On October 31st, the author of Mayor Slay’s blog wrote about student performance in the St. Louis Public Schools, focusing on black students.
What really caught my attention in the Slay Blog entry was the author’s claim that SLPS high school students tend to perform more poorly than their younger counterparts because they are “veterans of past administrations,” meaning past superintendents, past school boards, and perhaps even past mayors. The post is even titled “The Past Haunts Some SLPS Students.” This sounds a little strange to me.
For about seven months this year, I worked with SLPS students of all ages as the Homework Helper at the Central Library. Whenever I would ask the kids what they would change to make their schools better, if they could, the answers were never anything like “Oh, my school used to be bad, but now it’s great, no worries. I had hard times in elementary school but now everything is fine!” Their complaints were more immediate: a broken heating system making one student’s high school unbearably hot all day every day; school food that was so bad as to frequently make students ill*; countless stories of rampant student violence escalating within the schools; teachers who did not respect the students at all. And this is just what I’ve heard from the kids--someone I know who works at Roosevelt High School told me that last school year, there was a significant outbreak of tuberculosis at Roosevelt. These words do not depict students attending perfect schools who are burnt out on learning from earlier experience; rather, these students are suffering from very basic, major problems right now. Their daily experience at school still endangers their health, and sometimes even their lives. Talk about barriers to achievement!

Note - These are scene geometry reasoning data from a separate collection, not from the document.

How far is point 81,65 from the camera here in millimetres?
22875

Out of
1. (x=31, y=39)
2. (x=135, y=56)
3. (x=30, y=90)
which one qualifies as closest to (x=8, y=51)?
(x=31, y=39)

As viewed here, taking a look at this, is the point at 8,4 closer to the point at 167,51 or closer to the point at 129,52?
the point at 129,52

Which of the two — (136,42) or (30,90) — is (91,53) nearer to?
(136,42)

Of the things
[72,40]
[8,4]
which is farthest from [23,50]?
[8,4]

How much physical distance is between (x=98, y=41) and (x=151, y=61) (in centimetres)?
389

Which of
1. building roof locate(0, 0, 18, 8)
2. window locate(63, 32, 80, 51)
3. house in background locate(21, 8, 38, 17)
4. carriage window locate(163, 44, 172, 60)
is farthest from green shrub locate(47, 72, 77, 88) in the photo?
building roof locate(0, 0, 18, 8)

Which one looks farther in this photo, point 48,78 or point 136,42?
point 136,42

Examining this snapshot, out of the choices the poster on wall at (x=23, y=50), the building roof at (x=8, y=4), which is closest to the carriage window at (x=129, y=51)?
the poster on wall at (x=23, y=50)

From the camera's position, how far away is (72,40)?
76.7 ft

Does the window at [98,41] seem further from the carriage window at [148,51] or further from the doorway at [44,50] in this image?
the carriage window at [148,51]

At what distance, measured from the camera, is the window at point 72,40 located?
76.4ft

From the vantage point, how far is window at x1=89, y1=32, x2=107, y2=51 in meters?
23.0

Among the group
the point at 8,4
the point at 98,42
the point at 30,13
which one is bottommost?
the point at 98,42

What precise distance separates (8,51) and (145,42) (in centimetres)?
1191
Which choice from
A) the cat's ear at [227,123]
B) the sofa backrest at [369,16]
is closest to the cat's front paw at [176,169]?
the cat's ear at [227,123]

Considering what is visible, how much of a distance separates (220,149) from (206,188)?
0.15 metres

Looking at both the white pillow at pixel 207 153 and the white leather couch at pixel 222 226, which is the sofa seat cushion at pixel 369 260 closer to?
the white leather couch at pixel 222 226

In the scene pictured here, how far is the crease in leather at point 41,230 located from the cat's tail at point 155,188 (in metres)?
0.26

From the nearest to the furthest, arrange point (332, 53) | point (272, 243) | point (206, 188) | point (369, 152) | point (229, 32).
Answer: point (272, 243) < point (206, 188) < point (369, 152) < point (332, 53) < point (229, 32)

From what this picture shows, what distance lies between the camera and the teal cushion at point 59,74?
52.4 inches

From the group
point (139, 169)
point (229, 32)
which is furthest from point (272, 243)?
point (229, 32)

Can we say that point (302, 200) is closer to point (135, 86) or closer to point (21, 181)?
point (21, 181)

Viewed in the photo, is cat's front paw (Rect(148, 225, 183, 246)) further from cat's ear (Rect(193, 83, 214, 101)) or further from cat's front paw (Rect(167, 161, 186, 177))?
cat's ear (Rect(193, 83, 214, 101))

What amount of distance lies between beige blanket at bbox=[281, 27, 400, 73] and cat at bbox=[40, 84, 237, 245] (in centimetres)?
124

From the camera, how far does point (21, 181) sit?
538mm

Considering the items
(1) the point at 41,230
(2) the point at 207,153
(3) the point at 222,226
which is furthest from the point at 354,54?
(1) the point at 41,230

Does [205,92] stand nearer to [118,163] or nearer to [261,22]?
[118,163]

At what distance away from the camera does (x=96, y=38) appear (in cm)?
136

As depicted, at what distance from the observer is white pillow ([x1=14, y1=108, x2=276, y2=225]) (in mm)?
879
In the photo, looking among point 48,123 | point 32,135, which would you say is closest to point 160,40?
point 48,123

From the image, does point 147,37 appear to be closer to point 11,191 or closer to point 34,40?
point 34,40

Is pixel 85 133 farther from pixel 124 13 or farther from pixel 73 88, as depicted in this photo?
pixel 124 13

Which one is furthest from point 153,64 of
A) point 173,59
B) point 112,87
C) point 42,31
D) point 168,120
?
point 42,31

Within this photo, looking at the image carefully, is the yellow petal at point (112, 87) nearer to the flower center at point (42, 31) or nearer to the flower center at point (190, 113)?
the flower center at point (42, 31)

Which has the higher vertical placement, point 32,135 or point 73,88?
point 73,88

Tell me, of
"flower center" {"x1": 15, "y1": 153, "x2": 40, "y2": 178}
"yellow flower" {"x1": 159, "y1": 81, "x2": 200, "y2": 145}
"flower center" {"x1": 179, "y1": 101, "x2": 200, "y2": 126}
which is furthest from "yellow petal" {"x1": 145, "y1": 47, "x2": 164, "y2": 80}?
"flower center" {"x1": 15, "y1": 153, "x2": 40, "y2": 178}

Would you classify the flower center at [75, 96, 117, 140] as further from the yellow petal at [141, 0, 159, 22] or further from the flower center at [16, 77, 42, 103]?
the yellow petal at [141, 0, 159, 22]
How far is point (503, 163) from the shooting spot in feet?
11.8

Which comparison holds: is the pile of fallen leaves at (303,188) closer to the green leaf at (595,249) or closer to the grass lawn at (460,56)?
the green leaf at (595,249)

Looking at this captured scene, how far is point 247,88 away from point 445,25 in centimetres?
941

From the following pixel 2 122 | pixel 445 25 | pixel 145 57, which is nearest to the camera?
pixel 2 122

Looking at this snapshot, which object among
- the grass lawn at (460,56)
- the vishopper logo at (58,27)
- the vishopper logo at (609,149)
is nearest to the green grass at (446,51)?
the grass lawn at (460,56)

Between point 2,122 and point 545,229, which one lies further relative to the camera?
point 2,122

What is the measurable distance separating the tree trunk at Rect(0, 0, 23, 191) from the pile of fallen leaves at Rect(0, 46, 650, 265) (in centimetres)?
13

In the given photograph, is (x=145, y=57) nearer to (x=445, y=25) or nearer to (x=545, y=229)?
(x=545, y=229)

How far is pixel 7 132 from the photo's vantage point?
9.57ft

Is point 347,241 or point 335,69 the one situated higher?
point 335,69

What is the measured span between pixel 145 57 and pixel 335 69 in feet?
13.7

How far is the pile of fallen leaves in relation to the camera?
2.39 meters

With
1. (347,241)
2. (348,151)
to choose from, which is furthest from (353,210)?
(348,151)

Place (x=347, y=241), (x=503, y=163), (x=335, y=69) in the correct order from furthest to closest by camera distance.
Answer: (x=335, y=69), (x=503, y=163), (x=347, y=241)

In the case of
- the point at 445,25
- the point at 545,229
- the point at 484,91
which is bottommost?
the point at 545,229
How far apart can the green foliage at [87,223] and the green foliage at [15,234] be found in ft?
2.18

SLPS high schools being worse than SLPS elementary and middle schools is nothing new, despite what the Slay Blog post implies. For my whole life, I’ve watched families I know start fretting when their lifelong SLPS student hits seventh or eighth grade, because that means high school is coming, and these parents know that SLPS high schools are significantly worse than any of the K-8 schools are. My own family moved to the Chicago suburbs from St. Louis in 1997, just as I was nearing the end of seventh grade at Gateway Middle School. My dad found a new, better-paying job in Chicago, but a large part of the reason we left was that my parents had studied and studied all of the SLPS high schools, and didn’t like anything that they heard. (Trust me, they did thorough research. It was this same care that first drove my mom to camp out overnight on the lawn of an SLPS building when I was five in order to get me and my sister into magnet schools.) All through 1997 and for several years after that, I remember my mother frequently repeating “The St. Louis Schools know what to do with kids in elementary school, and then they kind of know what to do with them in middle school, but by high school they have no idea.” I reiterate: This happened in 1997. SLPS high school kids having a harder time in school than younger SLPS students is not a new phenomenon.

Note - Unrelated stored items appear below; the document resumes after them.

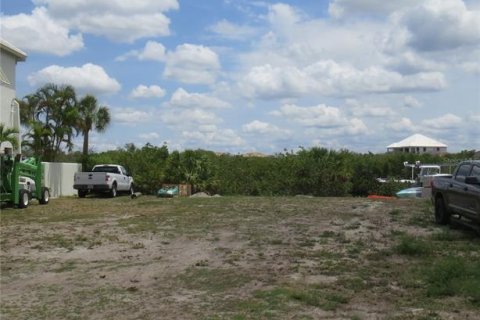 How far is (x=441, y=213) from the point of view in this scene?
15.4 metres

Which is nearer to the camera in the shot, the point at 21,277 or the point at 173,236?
the point at 21,277

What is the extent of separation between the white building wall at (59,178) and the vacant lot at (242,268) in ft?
56.4

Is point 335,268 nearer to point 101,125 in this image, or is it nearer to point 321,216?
point 321,216

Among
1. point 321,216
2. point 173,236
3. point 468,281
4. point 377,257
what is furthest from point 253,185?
point 468,281

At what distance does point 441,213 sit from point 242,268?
7.30 m

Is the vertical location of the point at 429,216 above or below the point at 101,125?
below

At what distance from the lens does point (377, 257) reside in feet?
36.0

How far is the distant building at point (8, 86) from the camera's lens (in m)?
33.2

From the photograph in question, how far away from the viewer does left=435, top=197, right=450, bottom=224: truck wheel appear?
1524 cm

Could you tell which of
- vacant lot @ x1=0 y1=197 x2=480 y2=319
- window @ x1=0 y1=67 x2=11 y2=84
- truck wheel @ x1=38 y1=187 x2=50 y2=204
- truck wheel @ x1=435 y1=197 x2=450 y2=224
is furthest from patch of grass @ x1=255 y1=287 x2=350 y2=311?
window @ x1=0 y1=67 x2=11 y2=84

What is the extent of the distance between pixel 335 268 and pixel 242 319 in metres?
3.36

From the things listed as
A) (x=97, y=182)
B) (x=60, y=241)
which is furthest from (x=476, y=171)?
(x=97, y=182)

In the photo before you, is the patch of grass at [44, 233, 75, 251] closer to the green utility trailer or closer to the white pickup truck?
the green utility trailer

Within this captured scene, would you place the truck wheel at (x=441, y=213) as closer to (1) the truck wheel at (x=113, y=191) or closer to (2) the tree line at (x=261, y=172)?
(2) the tree line at (x=261, y=172)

I also really don’t like the solution that the Slay Blog’s explanation of the problem suggests. If the kids really are doing badly because of poor school conditions in the past, brought on by past administrations, then the implied solution seems to be that it’s not “our” fault and there’s nothing that the current superintendent, school board, or mayor can do about it. The very statement that it’s because they are “veterans of past administrations” seems to carry with it shrugging and throwing one’s hands up in the air. But this attitude is exactly the problem that has plagued SLPS high school students for so long! People in the SLPS administration have been giving up on high school kids for years and years, and after reading this blog entry, it seems that the official word is that the mayor gives up on them, too.

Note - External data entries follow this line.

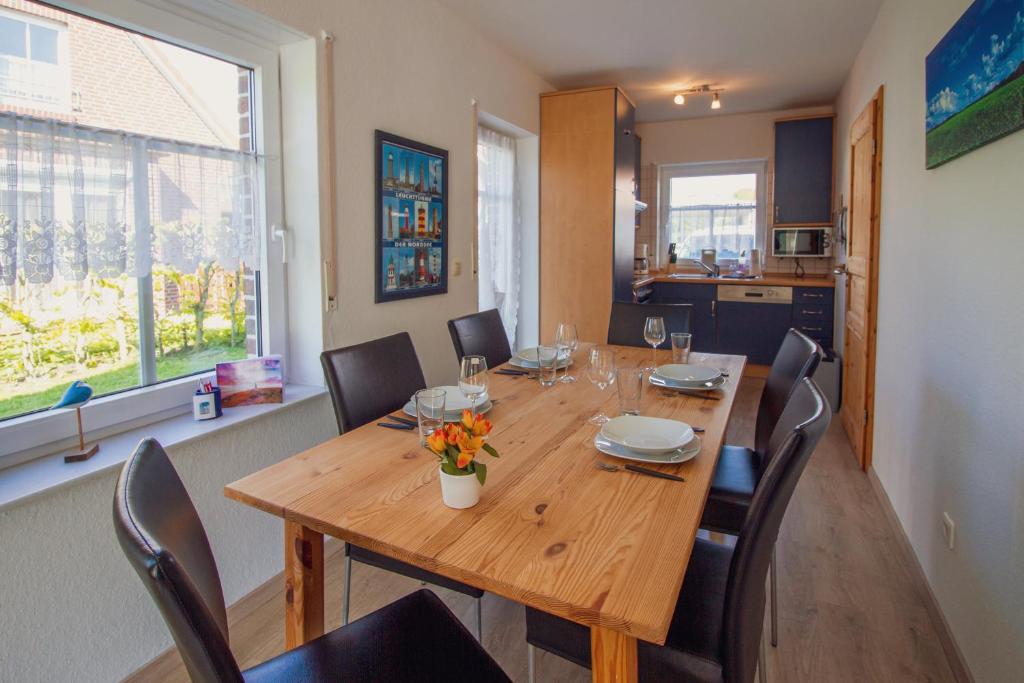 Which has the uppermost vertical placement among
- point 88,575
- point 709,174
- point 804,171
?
point 709,174

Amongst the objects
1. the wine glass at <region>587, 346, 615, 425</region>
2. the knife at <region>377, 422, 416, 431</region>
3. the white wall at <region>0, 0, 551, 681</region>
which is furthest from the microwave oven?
the knife at <region>377, 422, 416, 431</region>

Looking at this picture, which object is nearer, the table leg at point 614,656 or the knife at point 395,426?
the table leg at point 614,656

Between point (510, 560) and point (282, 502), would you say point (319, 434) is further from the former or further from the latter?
point (510, 560)

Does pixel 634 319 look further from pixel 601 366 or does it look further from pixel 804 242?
pixel 804 242

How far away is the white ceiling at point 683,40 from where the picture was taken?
316 cm

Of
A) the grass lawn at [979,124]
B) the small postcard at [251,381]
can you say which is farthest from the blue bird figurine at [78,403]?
the grass lawn at [979,124]

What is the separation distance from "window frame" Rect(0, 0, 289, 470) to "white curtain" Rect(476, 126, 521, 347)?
152cm

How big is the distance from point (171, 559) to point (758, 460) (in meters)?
1.96

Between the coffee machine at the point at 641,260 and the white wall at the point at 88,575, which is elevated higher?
the coffee machine at the point at 641,260

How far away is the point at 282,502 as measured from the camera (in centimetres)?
119

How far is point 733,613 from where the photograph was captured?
Result: 1078mm

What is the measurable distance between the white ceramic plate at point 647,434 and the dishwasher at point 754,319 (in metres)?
4.17

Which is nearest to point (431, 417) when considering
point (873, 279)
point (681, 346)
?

This attitude is absolutely not acceptable. If our high school students are doing worse than everyone else, we should be giving them extra attention, not turning our backs on them. SLPS high school students are the next generation of citizens and workers in St. Louis. They are the near-immediate future of our city. Do we want a city full of people who’ve gotten the education and attention they need, or a city full of people who are used to civic authority dismissing and neglecting them? How can we expect gang violence in St. Louis to reduce at all if gang recruiters care about our teenagers, but the SLPS doesn’t? In a country where one out of three black men will be incarcerated in their lifetimes, you’d think that there would be much greater attention given to giving black teenagers a decent education that offers them more opportunity in the future.
The mayor’s blog can spin it any way they like, but the reality is that formerly successful SLPS students starting to struggle when they hit SLPS high schools is nothing new. It’s not something that’s going to disappear several years from now when current grade school students (veterans of this administration) hit high school, especially if Slay’s official opinion is simply that it ain’t his fault.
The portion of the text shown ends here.